Some other countries and companies are also attempting to stave off massive job cuts by asking workers to scale back hours, take pay cuts or schedule time off without pay. Last week, Ford Motor Co. Chairman Bill Ford and Chief Executive Alan Mulally agreed to take 30% cuts in salary for two years to help win union support for capping wages. In Canada, a United Steelworkers union of nearly 600 salaried employees agreed in January to a four-day work week to avoid layoffs.
However, no place seems to be making such a coordinated national push as South Korea. It’s too soon to tell precisely what the country’s no-layoff drive will produce, whether a viable means to cope with recession or a mere delay of painful job cuts….

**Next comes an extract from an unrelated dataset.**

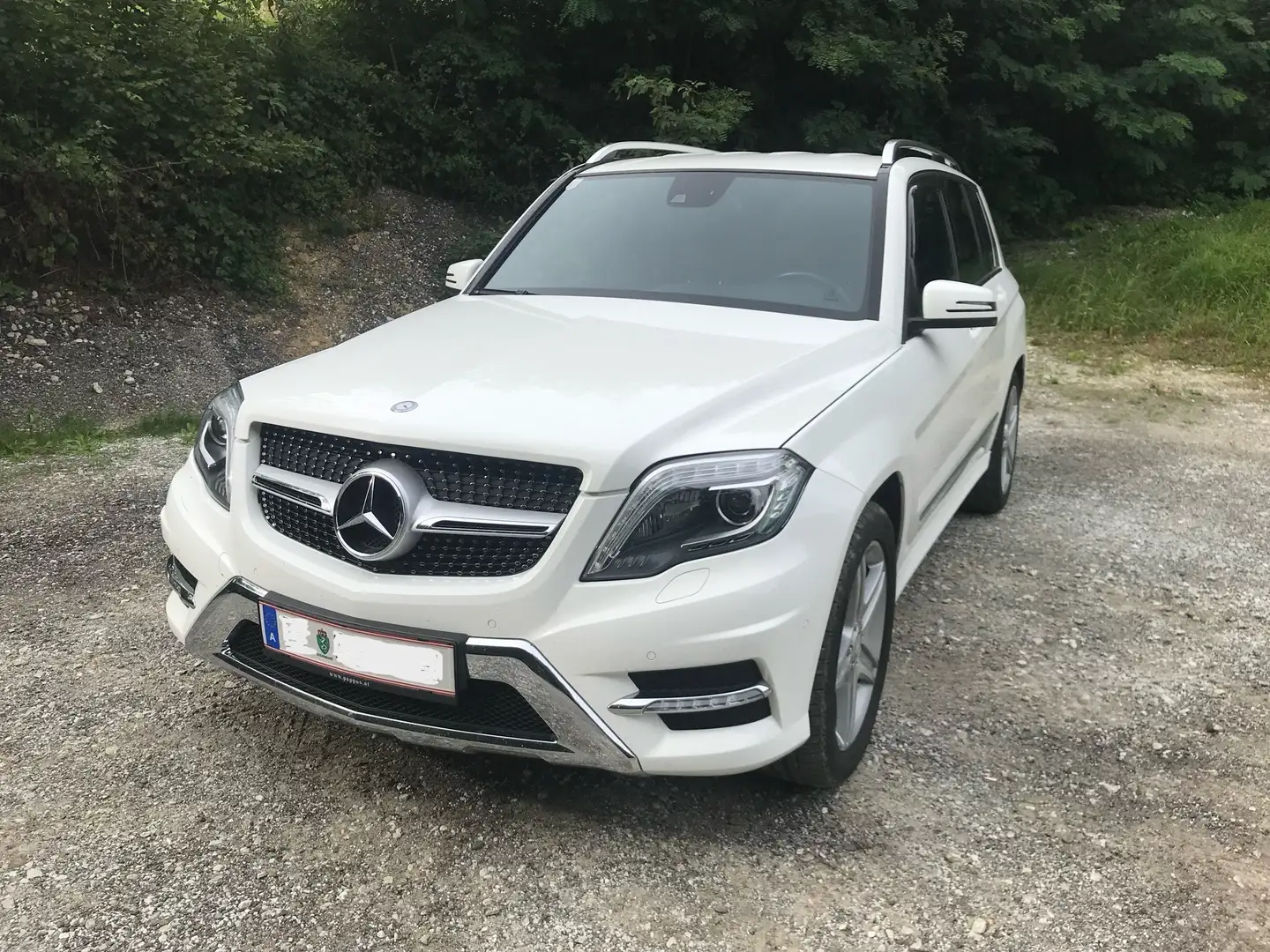 Mercedes-Benz GLK 220 CDI 4-Matic AMG-Line mit StHz. Weiß - 1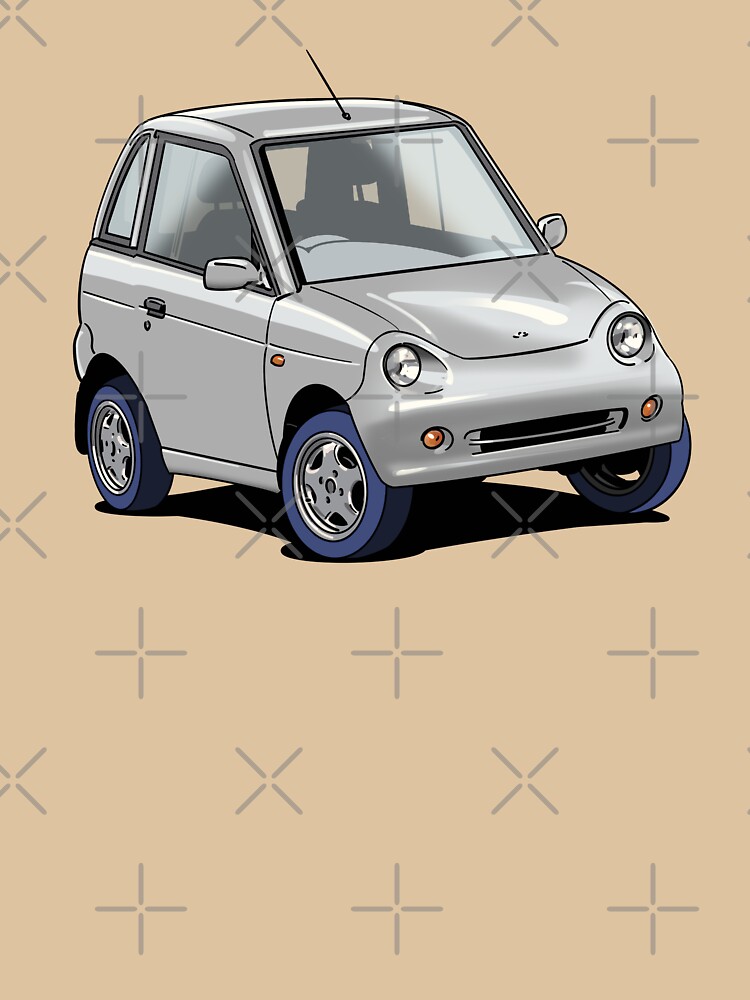 Aperçu 6 sur 6. Sweat à capuche épais avec l'œuvre G-Wiz small micro electric car in silver créée et vendue par Webazoot Industries - Car Art.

The current economic crisis hit South Korea later than other countries because its banks had little exposure to distressed property investments in the U.S. But South Korea was slapped hard when the banking crisis turned into an economic one, leading to job losses and lower consumer spending in the U.S. and Europe.
Demand for the electronics, steel, cars and other products South Korea sells to those places fell sharply, sending its fourth-quarter gross domestic product down at an annualized rate of 21%, the biggest drop of any developed country — and more than three times the U.S. rate of 6.2%.
South Korea didn’t face a drop in exports during its two previous recessions, which meant it could recover relatively quickly. Today, exports account for about two-thirds of South Korea’s near-$1 trillion GDP, up from about one-third in 1998. And the shock of a rapid drop in shipments — down 17% in February from the previous February after a decline of 32.8% in January — is rippling through the country’s manufacturing base. The country’s weakened currency has provided some cushion to corporate profits, since it means that money earned abroad is worth more when converted to the Korean won.
An entrenched cultural force is also at the heart of the push to avoid layoffs at all costs. Like many Asian societies, South Korea’s is more communal than individualistic. The loss of a job can be deeply humiliating and also mean the loss of a kind of second home. All but the smallest employers offer benefits such as education and weekend getaways….
Sharing the Cuts
In the 1998 recession, Shinchang and its union agreed to a similar pay cut. A year later, as the country started to recover, the company boosted pay for workers above their pre-recession salaries by 20% for the next two years before returning to its normal wage agreement.
Nothing in the latest agreement specifies that Shinchang will boost wages above current levels after the economy recovers, but Park Jong-nam, the company’s personnel manager, says it is likely. And Mr. Shim, who molds ignition components, says, “They didn’t say they would reward this, but we trust them.”
In January, the Federation of Korean Trade Unions, the second-largest umbrella group of unions, and the Korean Employers Federation, a group representing midsize companies, proposed the building of a national consensus on layoffs and wage cuts. A series of meetings followed that produced the broad agreement last week.
“We find it’s getting more serious than the [1997-98] period,” said Kang Choong-ho, a spokesman for the Federation of Korean Trade Unions. “This time we thought we must keep jobs and yield what we can, sharing the pain.”
But the endgame in South Korea may turn out to be more painful. At a news conference early last month, LG Electronics Co. CEO Nam Yong said he’s watching the cost savings that the firm’s Japanese rivals are achieving by cutting jobs, and he will try to match them. “There are no reasons to lay off staff for now,” Mr. Nam said. Down the line, he added, “It’s difficult to give a clear answer.”